The IRS indicates that it can go back longer than three years to audit a return if they find a "substantial error." It says that it "usually" doesn't go back longer than six years, however.
Keeping State Tax Returns
Each state has its own statutes of limitations on audits. Many states follow the federal time period of three years, but others have longer time periods.
For example, Montana has a three- to six-year window for audits. The state more or less mirrors the IRS rules. It's four years in New Jersey. Check with your state's Department of the Treasury to be sure.
What You Should Keep
Keep any documents that are related to the income, deductions, or credits that you reported and claimed on your return, along with a copy of your tax return itself. These would include copies of your Forms W-2, 1099s, acknowledgment letters for charitable donations, and receipts for tax-deductible expenses.

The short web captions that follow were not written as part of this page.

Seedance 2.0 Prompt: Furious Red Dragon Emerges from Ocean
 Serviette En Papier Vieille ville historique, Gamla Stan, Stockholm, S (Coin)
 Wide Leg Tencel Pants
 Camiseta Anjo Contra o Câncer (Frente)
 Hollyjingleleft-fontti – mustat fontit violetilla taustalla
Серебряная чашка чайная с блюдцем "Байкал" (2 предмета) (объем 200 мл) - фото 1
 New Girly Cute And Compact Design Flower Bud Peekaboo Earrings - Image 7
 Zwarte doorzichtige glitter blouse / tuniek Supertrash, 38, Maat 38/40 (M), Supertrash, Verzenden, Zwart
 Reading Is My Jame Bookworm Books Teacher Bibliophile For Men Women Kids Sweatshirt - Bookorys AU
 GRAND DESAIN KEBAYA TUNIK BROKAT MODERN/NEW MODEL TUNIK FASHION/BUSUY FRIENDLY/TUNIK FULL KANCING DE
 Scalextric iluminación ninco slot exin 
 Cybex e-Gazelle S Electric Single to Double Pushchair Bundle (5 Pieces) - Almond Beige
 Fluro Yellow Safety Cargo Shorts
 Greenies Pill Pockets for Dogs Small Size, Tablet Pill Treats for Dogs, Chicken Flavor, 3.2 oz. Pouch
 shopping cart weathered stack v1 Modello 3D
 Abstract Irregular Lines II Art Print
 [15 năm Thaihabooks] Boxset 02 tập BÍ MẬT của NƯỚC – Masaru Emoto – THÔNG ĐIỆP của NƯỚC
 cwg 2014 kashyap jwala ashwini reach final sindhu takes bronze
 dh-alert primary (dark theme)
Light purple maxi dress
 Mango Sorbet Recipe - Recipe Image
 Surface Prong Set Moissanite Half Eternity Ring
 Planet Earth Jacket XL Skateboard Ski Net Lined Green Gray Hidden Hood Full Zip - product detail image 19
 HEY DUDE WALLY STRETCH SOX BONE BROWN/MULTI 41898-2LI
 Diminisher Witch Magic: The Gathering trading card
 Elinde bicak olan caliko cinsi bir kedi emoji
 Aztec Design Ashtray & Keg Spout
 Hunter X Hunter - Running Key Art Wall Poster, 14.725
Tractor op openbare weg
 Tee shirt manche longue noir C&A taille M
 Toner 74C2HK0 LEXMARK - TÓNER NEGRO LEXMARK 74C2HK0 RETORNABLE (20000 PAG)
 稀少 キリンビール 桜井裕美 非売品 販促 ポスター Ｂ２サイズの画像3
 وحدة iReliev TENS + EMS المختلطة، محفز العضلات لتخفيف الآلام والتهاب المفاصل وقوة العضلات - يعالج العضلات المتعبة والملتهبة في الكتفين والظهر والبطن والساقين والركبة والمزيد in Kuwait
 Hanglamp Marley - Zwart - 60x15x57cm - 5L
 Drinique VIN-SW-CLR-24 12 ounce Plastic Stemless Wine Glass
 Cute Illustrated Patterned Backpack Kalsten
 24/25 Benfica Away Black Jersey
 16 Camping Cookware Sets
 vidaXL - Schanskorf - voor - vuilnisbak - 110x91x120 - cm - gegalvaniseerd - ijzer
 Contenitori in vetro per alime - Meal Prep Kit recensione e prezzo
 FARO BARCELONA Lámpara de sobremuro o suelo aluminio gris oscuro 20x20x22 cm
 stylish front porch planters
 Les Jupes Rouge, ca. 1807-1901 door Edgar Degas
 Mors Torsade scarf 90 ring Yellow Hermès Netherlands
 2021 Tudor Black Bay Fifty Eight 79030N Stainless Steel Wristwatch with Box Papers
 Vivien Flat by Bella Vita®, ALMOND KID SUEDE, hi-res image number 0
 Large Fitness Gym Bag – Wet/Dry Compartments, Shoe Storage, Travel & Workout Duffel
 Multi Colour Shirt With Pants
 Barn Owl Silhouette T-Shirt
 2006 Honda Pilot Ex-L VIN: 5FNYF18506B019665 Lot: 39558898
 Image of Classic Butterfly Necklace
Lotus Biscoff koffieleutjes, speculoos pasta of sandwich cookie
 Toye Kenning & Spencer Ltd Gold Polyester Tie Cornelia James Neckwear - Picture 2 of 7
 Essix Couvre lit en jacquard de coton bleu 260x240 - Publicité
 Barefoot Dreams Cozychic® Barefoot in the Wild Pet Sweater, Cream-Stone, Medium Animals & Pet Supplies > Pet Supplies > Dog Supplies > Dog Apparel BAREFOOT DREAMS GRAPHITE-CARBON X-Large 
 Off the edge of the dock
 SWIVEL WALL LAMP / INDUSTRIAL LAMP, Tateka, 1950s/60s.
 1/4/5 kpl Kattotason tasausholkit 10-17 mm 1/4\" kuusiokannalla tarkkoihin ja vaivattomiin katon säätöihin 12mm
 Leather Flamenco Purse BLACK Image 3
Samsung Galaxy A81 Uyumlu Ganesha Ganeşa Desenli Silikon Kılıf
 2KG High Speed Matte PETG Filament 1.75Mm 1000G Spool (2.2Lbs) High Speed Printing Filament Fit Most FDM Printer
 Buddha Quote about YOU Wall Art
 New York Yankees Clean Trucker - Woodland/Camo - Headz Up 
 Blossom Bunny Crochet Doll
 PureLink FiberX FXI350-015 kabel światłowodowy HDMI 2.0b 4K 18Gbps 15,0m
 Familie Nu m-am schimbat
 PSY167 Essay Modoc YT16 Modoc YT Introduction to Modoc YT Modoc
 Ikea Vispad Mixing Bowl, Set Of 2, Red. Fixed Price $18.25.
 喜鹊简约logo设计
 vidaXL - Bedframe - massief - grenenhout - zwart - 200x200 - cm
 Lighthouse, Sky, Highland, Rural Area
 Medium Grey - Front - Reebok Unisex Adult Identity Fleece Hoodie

Self-employed persons should also keep copies of their accounting records, such as bank statements, profit and loss statements, or a backup of their data from accounting software.
You might also want to keep any documents about real estate, business assets, stocks, bonds, or other assets you own for as long as you own them, then for another three years or even longer after the asset is sold. You'll need these records for calculating cost basis and gain or loss for any capital gains tax.
Keep copies of all documentation relating to your health care coverage and that of your dependents. There's no longer a tax penalty for not maintaining coverage, but all other requirements of the Affordable Care Act remain in effect.
When It's Time to Discard
Make a few final checks before you start tossing out old tax and financial documents.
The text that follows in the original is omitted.